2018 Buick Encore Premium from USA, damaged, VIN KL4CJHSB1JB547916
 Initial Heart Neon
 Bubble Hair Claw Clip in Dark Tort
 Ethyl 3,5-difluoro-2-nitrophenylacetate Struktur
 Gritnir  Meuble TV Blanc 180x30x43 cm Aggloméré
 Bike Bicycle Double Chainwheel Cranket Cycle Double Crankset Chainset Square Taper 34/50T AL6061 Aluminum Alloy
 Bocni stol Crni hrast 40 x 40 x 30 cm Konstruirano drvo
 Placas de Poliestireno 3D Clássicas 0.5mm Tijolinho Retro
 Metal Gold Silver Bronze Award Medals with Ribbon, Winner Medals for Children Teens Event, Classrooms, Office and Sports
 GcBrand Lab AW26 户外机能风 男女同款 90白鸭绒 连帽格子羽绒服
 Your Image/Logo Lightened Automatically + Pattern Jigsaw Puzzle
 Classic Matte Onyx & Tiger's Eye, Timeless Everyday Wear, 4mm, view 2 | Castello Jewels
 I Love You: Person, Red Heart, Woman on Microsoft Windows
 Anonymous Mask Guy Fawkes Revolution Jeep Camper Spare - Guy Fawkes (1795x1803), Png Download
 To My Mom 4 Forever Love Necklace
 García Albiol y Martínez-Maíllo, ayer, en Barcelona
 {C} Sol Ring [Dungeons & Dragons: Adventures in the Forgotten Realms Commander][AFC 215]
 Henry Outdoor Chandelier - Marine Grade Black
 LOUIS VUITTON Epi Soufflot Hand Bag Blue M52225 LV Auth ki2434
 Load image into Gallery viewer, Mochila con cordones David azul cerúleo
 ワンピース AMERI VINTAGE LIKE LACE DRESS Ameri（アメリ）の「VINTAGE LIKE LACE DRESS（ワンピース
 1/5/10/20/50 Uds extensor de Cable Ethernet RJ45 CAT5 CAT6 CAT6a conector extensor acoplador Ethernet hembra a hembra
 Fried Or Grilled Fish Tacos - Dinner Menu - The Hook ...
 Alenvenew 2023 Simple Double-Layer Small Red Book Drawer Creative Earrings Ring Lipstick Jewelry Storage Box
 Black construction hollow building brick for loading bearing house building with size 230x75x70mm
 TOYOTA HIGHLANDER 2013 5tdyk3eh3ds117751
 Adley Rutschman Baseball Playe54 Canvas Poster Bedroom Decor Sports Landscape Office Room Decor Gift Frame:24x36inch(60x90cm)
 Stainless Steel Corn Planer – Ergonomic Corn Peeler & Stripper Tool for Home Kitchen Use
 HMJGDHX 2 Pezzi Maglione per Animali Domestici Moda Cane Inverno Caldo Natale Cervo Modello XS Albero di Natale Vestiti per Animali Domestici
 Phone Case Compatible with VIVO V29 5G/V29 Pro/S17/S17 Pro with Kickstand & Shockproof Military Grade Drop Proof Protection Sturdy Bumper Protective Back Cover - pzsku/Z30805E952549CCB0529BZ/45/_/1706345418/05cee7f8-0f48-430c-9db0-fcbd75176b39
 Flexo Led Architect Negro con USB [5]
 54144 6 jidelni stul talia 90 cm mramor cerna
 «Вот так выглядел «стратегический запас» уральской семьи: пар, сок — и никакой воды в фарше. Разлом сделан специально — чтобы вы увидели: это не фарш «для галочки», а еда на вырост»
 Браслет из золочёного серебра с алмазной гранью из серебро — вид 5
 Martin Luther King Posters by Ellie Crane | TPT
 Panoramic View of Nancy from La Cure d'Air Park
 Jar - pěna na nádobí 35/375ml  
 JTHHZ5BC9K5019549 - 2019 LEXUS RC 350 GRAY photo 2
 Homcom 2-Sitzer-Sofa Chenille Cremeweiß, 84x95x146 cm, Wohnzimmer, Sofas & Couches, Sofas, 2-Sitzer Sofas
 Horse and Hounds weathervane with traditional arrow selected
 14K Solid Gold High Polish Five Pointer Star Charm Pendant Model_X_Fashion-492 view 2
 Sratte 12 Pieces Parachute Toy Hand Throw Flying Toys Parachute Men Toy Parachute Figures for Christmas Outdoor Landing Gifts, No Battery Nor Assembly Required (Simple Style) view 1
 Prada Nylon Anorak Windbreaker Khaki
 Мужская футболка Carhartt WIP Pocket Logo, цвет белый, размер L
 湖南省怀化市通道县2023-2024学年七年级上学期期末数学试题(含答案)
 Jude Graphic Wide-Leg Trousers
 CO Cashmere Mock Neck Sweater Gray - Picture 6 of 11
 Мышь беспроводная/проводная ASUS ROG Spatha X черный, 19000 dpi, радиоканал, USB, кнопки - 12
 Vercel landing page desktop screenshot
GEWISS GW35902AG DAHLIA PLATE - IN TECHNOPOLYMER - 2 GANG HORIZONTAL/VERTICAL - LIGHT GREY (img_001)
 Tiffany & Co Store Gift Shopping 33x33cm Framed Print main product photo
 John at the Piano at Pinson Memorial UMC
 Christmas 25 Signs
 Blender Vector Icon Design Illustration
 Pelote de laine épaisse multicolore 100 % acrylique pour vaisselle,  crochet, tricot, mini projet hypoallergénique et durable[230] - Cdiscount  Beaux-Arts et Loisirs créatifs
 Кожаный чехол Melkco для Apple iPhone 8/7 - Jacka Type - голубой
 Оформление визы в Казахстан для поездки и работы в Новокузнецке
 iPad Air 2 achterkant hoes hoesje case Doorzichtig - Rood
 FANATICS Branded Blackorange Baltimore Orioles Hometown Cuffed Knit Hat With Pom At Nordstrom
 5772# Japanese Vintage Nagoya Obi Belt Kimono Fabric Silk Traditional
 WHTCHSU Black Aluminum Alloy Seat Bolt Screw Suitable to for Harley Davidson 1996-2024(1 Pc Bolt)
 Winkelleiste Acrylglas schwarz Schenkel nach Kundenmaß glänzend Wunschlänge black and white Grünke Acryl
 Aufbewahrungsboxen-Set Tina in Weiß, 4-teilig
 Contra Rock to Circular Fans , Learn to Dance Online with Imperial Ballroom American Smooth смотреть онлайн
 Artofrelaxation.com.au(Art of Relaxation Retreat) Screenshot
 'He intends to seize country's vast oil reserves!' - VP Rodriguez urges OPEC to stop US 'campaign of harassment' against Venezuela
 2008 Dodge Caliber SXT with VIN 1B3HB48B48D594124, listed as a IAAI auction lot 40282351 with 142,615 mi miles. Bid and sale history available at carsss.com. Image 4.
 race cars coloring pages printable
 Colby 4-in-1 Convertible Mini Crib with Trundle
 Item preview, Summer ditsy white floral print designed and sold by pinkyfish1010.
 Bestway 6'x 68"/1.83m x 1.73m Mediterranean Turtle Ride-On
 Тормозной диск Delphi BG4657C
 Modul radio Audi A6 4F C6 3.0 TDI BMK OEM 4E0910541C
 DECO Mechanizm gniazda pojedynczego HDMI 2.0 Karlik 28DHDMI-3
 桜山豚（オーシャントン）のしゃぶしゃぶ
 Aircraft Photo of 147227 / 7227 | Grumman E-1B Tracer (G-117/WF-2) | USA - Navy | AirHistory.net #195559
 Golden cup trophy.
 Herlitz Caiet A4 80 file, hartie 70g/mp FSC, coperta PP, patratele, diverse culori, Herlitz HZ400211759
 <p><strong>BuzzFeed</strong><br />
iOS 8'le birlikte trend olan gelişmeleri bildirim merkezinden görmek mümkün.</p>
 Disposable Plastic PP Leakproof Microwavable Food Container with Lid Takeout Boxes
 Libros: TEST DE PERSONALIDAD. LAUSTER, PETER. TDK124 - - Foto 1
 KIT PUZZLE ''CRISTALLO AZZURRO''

Exercise requirements
Select the lines in this material that hold the word "Alloy", leaving none out.

Completed task
 Bike Bicycle Double Chainwheel Cranket Cycle Double Crankset Chainset Square Taper 34/50T AL6061 Aluminum Alloy
 WHTCHSU Black Aluminum Alloy Seat Bolt Screw Suitable to for Harley Davidson 1996-2024(1 Pc Bolt)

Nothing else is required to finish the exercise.